With the agreement of the chairman of the Duma Committee on Legislation and Judicial and Legal Reform, I forwarded my views to the Duma on a draft law on ‘Election of the president of the Russian Federation’. I proposed:

immediate insertion of essential additions and amendments to the Constitution of the Russian Federation to restore a reasonable balance in the sharing of power and to correct a manifest de facto and de jure bias favouring unaccountability of presidential power, resulting from a hurriedly drafted constitution that was adopted, effectively, as an emergency measure.

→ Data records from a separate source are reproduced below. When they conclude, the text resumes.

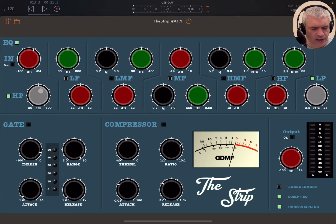You have a high pass filter here and a corresponding low pass filter here. Let's listen to how they adjust.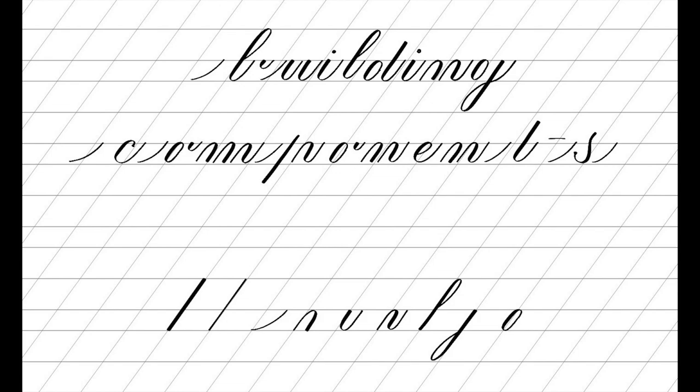To get you in the right mindset, I want you to stop thinking about copperplate as a form of handwriting. Instead, think about copperplate letters as separate forms made up of certain building blocks.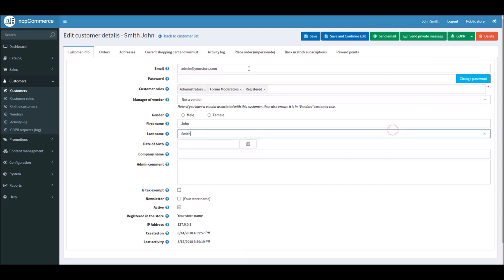And that's pretty much it. This is how you can manage all the GDPR settings in nopCommerce. Now it's time for us to wrap up this tutorial video. Hope this was helpful. This video is brought to you by nopCommerce open-source shopping cart. Thank you.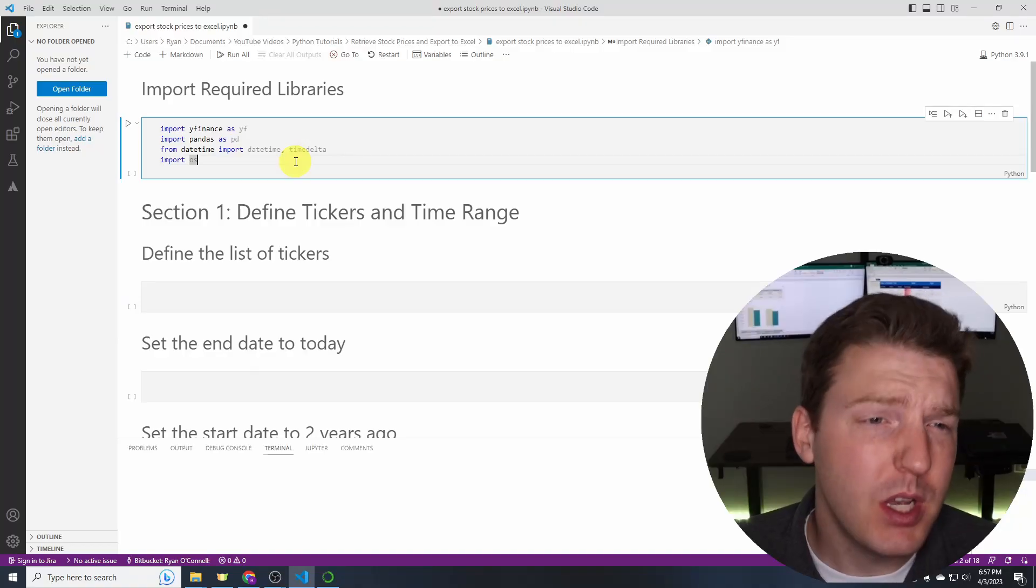Hey guys, in this video I'm going to be showing you how you can quickly and easily import stock prices for any stock from Yahoo Finance's API in Python and then quickly export them into Excel.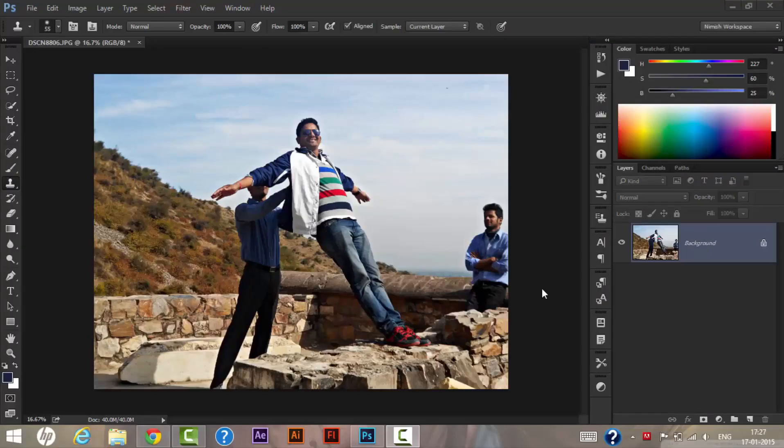Hello guys, welcome to the You Should Know TV channel. Today in this video I'll be showing you how we can remove any object from a photo using Photoshop.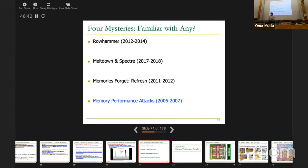Any other burning questions? Otherwise let's take a 10-minute break, and then we'll start with Lecture 3b.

Among other proposals, I included an amendment laying out clear conditions and procedure for early elections of the president of the Russian Federation, as well as measures to strengthen guarantees of the democratic nature of the presidential election and scrutiny by voters of how it was conducted and the vote counted. In other words, I demanded guarantees of fair and free elections.

It was impossible to remain silent in those tense months of 1995. I talked a lot to journalists and visited the Russian provinces. Planned trips to Novosibirsk in February and to St Petersburg in May gave commentators grounds to suggest I might be thinking of standing in the presidential election the following year. I decided to take the opportunity to assess the state of society and see how receptive people were towards my ideas.

In Novosibirsk I visited Akademgorodok and met scientists. I met workers at the Stankosib factory, university students and businessmen. I found that everywhere people were very engaged. They bombarded me with questions about topics that were clearly of great concern, and totally dispelled the myth that they had no interest in politics.

I also spent four extremely busy days in St Petersburg. A conference was held at the Mariinsky Palace to mark the tenth anniversary of the beginning of Perestroika. I talked about Perestroika to workers at the Baltika factory, to academics and writers at Kshesinskaya’s Palace, and to teachers and students at St Petersburg Pedagogical University. Everywhere the same question came up in one form or another: ‘How do you see the future of Russia. How do current policies measure up to your ideas? Are they a logical continuation of what was begun in 1985?’ My reply was:

I am very sure that what has happened after December 1991 has not been a continuation of Perestroika. Of course, there are processes initiated by Perestroika that are continuing. Take Glasnost, for example. It is attacked, attempts are made to distort it by applying economic pressures, newspapers are disappearing one after the other, independent television stations have their licences revoked, and so on. It is very difficult for me to appear on Channel One, and here in St Petersburg I have not been given an opportunity this time to speak on television. Nonetheless, Glasnost, even if retrenched, is still there. Much of what people gained, particularly in terms of freedom, is still available and advantage should be taken of that.

In every other respect, current policies have nothing in common with Perestroika.

I had a turbulent exchange of views in Kursk at the Khimvolokno synthetic fibre factory. The workers and their families there were in severe difficulties because of a sharp cutback in production. Their salaries were going unpaid for months. At first, for several minutes, I was simply prevented from speaking by hundreds of agitated people who were despairing of getting any justice, including many women with children. I waited for a time, then came down from the platform and took a few steps across to the front rows. I asked them, ‘Have you come here to make a noise or to talk? If you just want to make a noise, then perhaps it is already time to finish. If you want to hear what I have to say, do please listen!’ The hall quietened down and we were able to start a conversation. I made no excuses, and myself asked the audience some hard questions. Our discussion lasted almost two hours and they applauded at the end.